What I carry with me now, in every part of my professional life, is this: your worth is not proven by how much you can hold, how exhausted you are, or how available you make yourself to everyone else. Sustainable leadership requires boundaries, clarity, delegation, and the courage to believe that who you already are is enough. You do not have to sacrifice your health to prove your value.
That lesson reshaped the way I lead, the way I work, and the way I build. Today, I am far more intentional about capacity, alignment, and how I define success. I no longer believe the best leader is the one who carries everything. I believe the best leader is the one who knows how to lead well, live well, and make room for both.

Brandee, before we move on to more of these sorts of questions, can you take some time to bring our readers up to speed on you and what you do?
My work sits at the intersection of leadership, storytelling, strategy, and community impact. My background is rooted in nonprofit leadership and prevention work, but over time I’ve found myself increasingly drawn to the bigger picture of how people, organizations, and ideas grow. I love branding, marketing, and storytelling because they shape how people connect, how trust is built, and how meaningful work gets seen and understood. Lately, I’ve also become even more invested in organizational development, which feels like a natural evolution of the work I’ve already been doing for years.
I got into this work because I’ve always been fascinated by people and purpose how individuals grow, how organizations function, and how strong leadership can transform both. Early in my career, I worked in community-centered spaces that showed me just how much culture, systems, and support matter. That led me deeper into nonprofit leadership, prevention, and strategy, and it also expanded my interest in the way organizations are built from the inside out.
Today, I lead prevention work professionally, and I also run Breathe Media Group, where I support entrepreneurs and organizations through strategy, storytelling, and business growth. I love helping people get clear on who they are, what they offer, and how they communicate that in a way that feels honest and impactful. Whether that looks like refining a brand, strengthening audience engagement, or helping someone think through the next phase of their business or leadership, I enjoy helping people bring structure to their vision.
What sets me apart is that I bring both strategy and substance to the table. I understand leadership, systems, and organizational growth, but I also understand the human side of the work—story, identity, voice, and the deeper “why” behind what people build. I’m also a doctoral candidate at Creighton University, and that journey has sharpened my focus even more, especially around organizational development, leadership, and how we create systems that are both effective and human-centered.
What I’m most proud of is building a career that reflects both impact and authenticity. I’ve been able to serve communities, lead meaningful work, support entrepreneurs, and continue growing into the next version of myself at the same time. I want people to know that my work is grounded in clarity, transformation, and intention. Whether I’m leading, consulting, or creating, I care about helping people and organizations build something real, sustainable, and aligned with who they truly are.

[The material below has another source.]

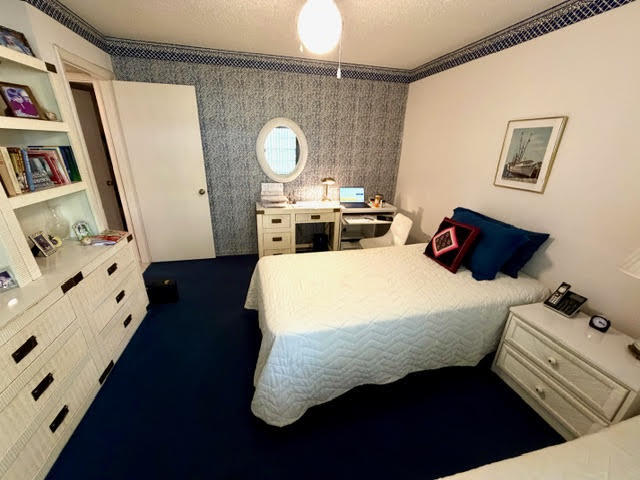 SOUTHPORT AT HUNTERS RUN CONDO - Residential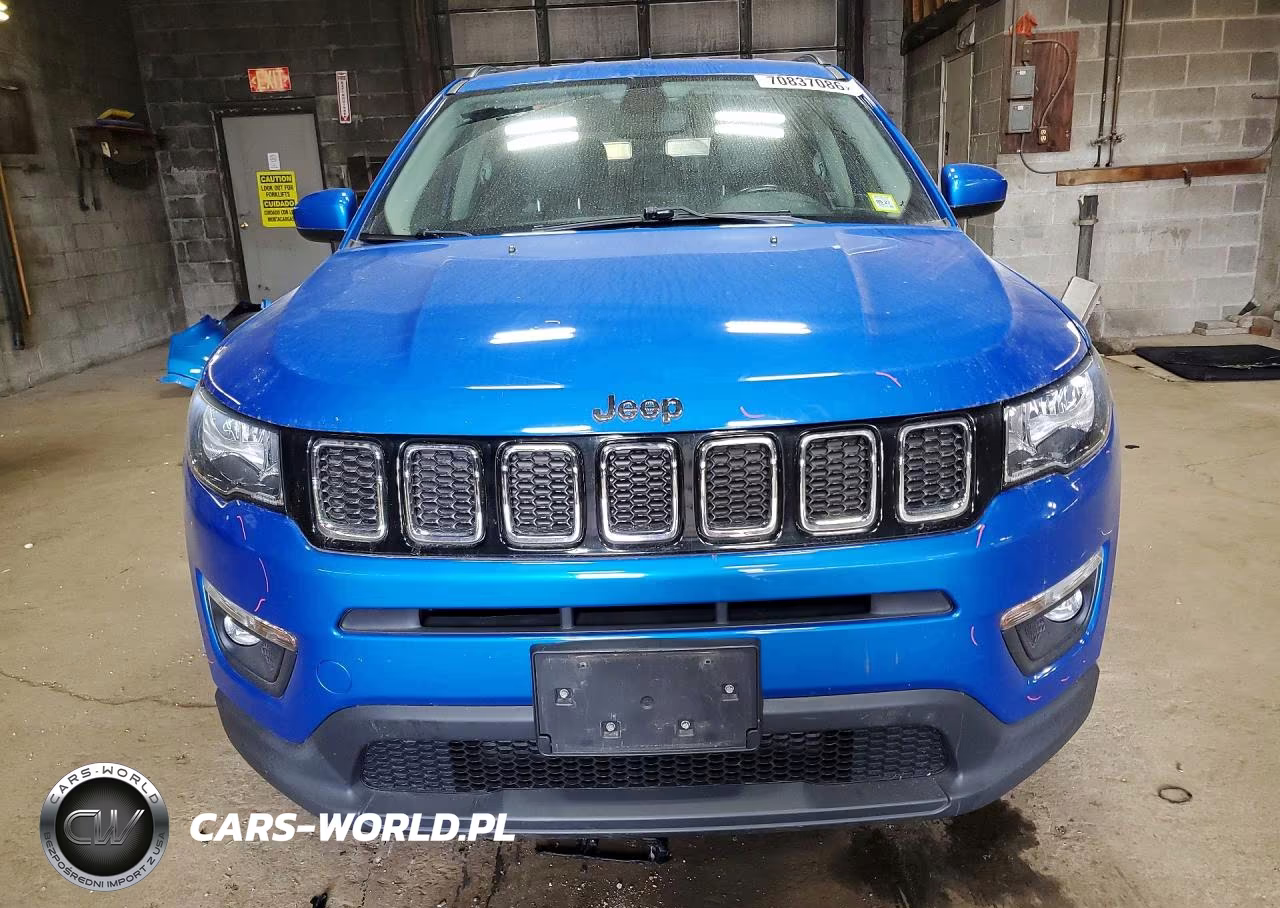 2019 Jeep Compass Latitude VIN:3C4NJDBB7KT829100 - 5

Any insights you can share with us about how you built up your social media presence?
I built my audience on social media by showing up as my authentic self before that was even the strategy. As a millennial, I grew up spending a lot of time on the internet, and I’ve always loved creating spaces where people could be themselves, have fun, and feel connected. Long before I understood words like “branding” or “audience-building,” I understood energy, creativity, and community.

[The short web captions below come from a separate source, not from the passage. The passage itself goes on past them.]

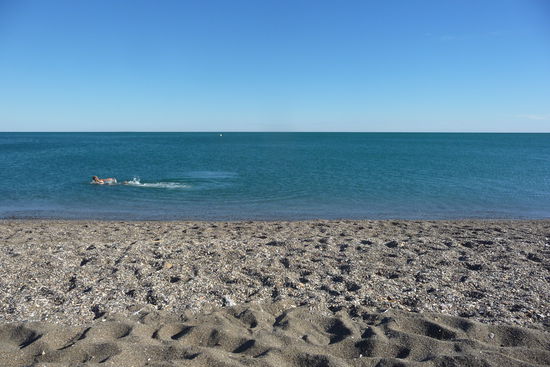 Ein letztes Bad am menschenleeren Strand.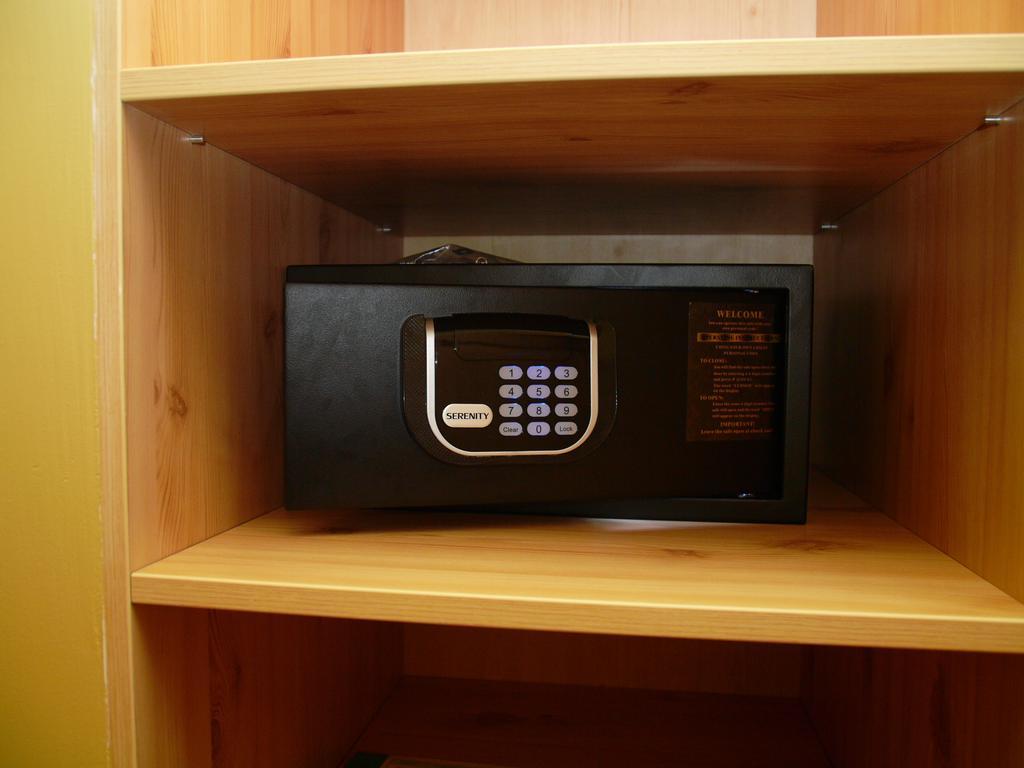 Apartments And Suites كرمنيتسا الغرفة الصورة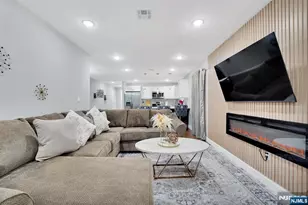 225 9th Street 2, Newark, NJ 07103 - Photo 4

I can even trace that back to high school. I started my own little newspaper publication called The Funky Fresh Press. I wanted it to be taken seriously, but I didn’t have official support or someone sponsoring it the way I imagined. So instead, I just put it out into the world through my friends and the people around me. Looking back, that was one of my earliest lessons in building an audience: start with what you have, be creative, and don’t wait for permission to share what you’ve made.
That same spirit followed me into social media. I didn’t build my audience by trying to become someone else online. I built it by being who I already am — goofy, funny, creative, thoughtful, and community-centered. I love a good experience. I love creating connection. I love making people feel seen. So my online presence really grew from that. People respond when they can feel that you’re real, and I think that authenticity has always been my strongest asset.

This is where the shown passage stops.